TASK PROMPT: Exclude the pictures and transcribe the rest of the data below exactly.

DATA FOR PROCESSING:

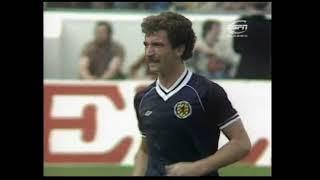 29/05/1982 Home Championship SCOTLAND v ENGLAND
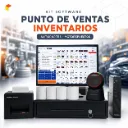Set Autopartes - Moto Respuestos | Punto de Ventas POS e Inventario Ranmy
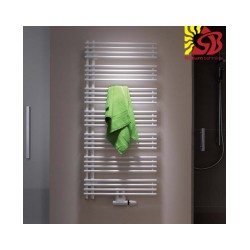 KERMI Dvieļu žāvētāji DIVEO 1320*600, hromēts, versija O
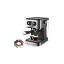 Picture of Cafetière expresso café moulu ou capsules compatibles Nespresso - Techwood TCA-156EXN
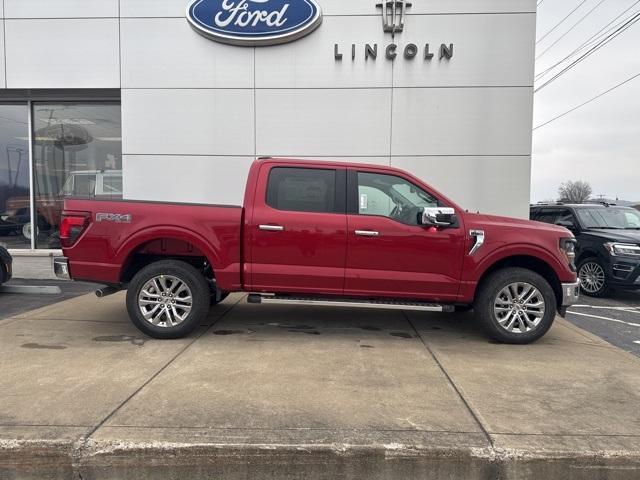 new 2025 Ford F-150 car, priced at $60,013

TASK SOLUTION:
 29/05/1982 Home Championship SCOTLAND v ENGLAND
Set Autopartes - Moto Respuestos | Punto de Ventas POS e Inventario Ranmy
 KERMI Dvieļu žāvētāji DIVEO 1320*600, hromēts, versija O
 Picture of Cafetière expresso café moulu ou capsules compatibles Nespresso - Techwood TCA-156EXN
 new 2025 Ford F-150 car, priced at $60,013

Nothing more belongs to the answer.